Der Polizeipräsident als örtlicher Leiter des Luftschutzes berichtete:

„Während der Zeit vom 9. bis 14.3.1943 waren täglich rund 1.100 Mann der Technischen Nothilfe eingesetzt. In der Zeit vom 15. bis 20.3.1943 betrug die Einsatzstärke anfangs 750 dann rund 400 Mann. Der Technische Dienst war insgesamt an 96 Stellen zur Behebung von Schäden (Abdichten des Gasbehälters, Beseitigen von Gas- und Wasserrohrbrüchen, Abnehmen von Gas- und Wasserzählern, Beseitigung von Wasserunterdruck, Entlüftung des Gasrohrnetzes, Montage von Gas­ und Wasserzählern, Instandsetzung einer 100 kV-Leitung und des Hochspannungsnetzes der Deutschen Reichsbahn) tätig.

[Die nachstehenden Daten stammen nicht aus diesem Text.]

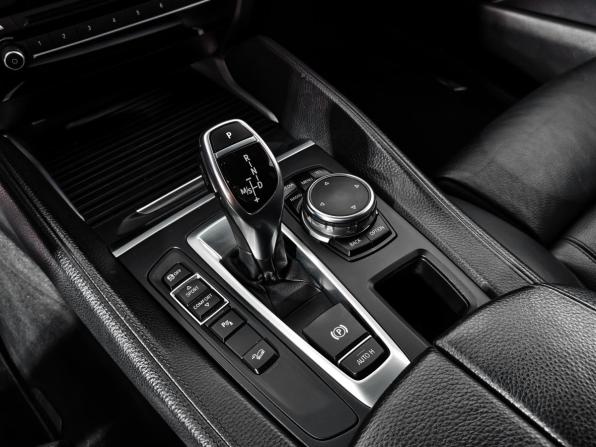 BMW X6 II (F16) с пробегом 2015 года, цена 2 990 000 рублей, 218000 км, внедорожник, Автокод Объявления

Allgemeiner Dienst und Bereitschaftsdienst wurde an 322 Stellen zur Bergung Verschütteter, Beseitigung von Notständen und Gefahrenmomenten, Bergung und Sicherstellung von Lebensmitteln und wertvollem kriegswichtigem Volksgut eingesetzt.

In der Horst-Wessel-Straße [heute Pillenreuther Straße] verursachte eine Sprengbombe einen Wasserrohrschaden. Dabei war auf der Straße ein Sprengtrichter von ungefähr 3 Meter Durchmesser entstanden, der mit Wasser gefüllt war. Zur Behebung des Schadens wurden Kräfte des Technischen Dienstes herangezogen. Bei der Freilegung der Rohrleitung ereignete sich gegen 13:30 Uhr eine Explosion, durch die 7 TN-Angehörige getötet, 3 schwer und 5 leicht verletzt wurden. Ohne Zweifel handelte es sich um die Explosion eines Langzeitzünders (Kettenbombe), der dicht neben dem von der Sprengbombe gebildeten Sprengtrichter eingeschlagen ist.“ [6]

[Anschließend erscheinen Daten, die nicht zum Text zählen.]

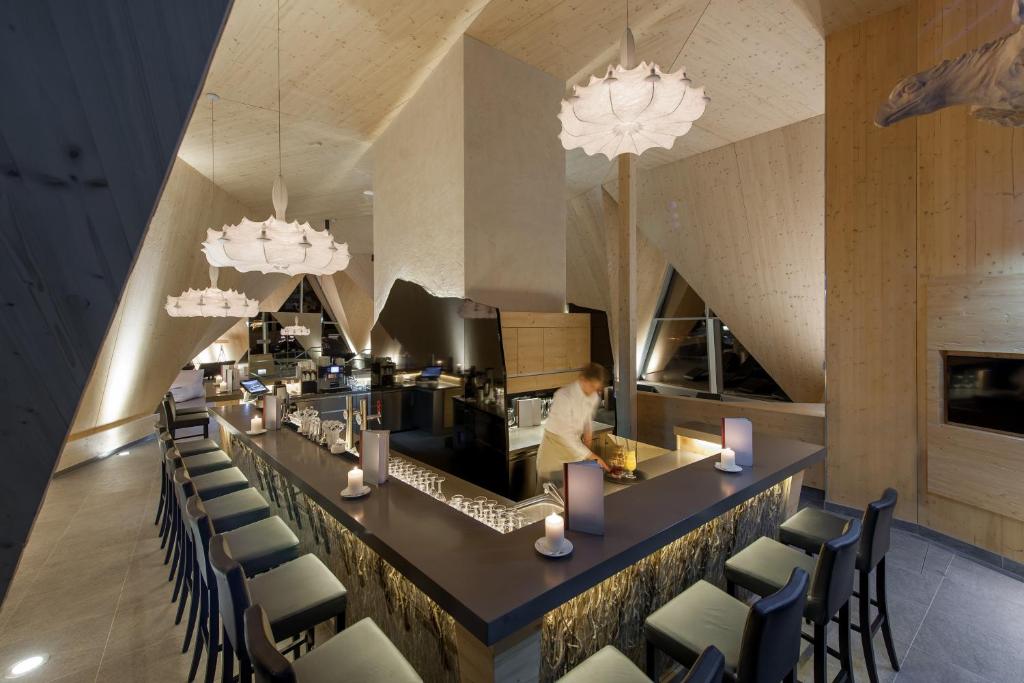 Bar/lounge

Über den Einsatz der TN nach dem Angriff vom 10./11. August 1943 liegt ein ausführlicher Abschlussbericht der Landesgruppe XIII Nordbayern-Egerland vor, der bei Schramm im Anhang vollständig abgedruckt ist [7].

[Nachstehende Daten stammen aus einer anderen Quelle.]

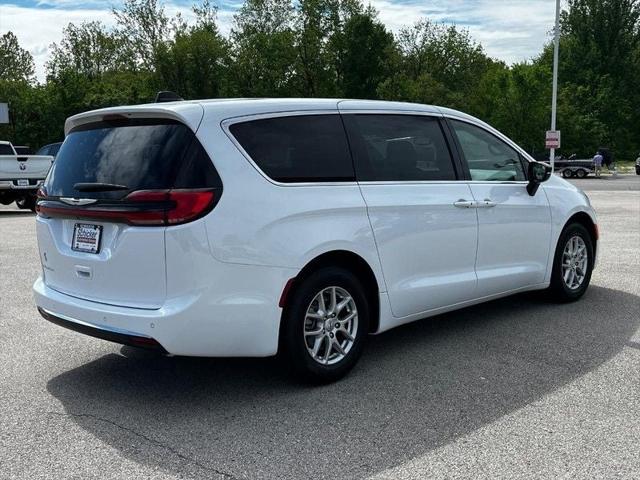 2025 Chrysler Pacifica PACIFICA SELECT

Von 1941 bis 1945 waren in Nürnberg durch Luftangriffe insgesamt 6.111 tote Zivilisten zu beklagen.

 

Bild 2

Statistik der Toten, Obdachlosen und Wasserrohrschäden; Quelle: Schildhauer [8]

 

Der hier dargestellte TN-Einsatz ist nur ein singuläres Beispiel für die Hilfeleistung während des Zweiten Weltkriegs. Die „Fränkische Tageszeitung“ vom 7. September 1942 berichtet, dass „die TN-Männer im Drillichanzug mit dem blauen Schiffchen sich Herz und Vertrauen der Nürnberger Bevölkerung besonders erworben haben.“ [9] Angesichts der flächendeckenden Zerstörung ist es kaum vorstellbar, dass der Zugang zu den Einsatzstellen überhaupt möglich war und unter den Trümmern auch Überlebende geborgen werden konnten.

 

Bild 3

Blick auf die Burg am 20. April 1945; Quelle: US Army [10]

 

Nach mehr als 70 Jahren erinnern die geschilderten Ereignisse an die katastrophalen Auswirkungen des NS-Regimes und mahnen uns zur Erhaltung von Frieden und Demokratie.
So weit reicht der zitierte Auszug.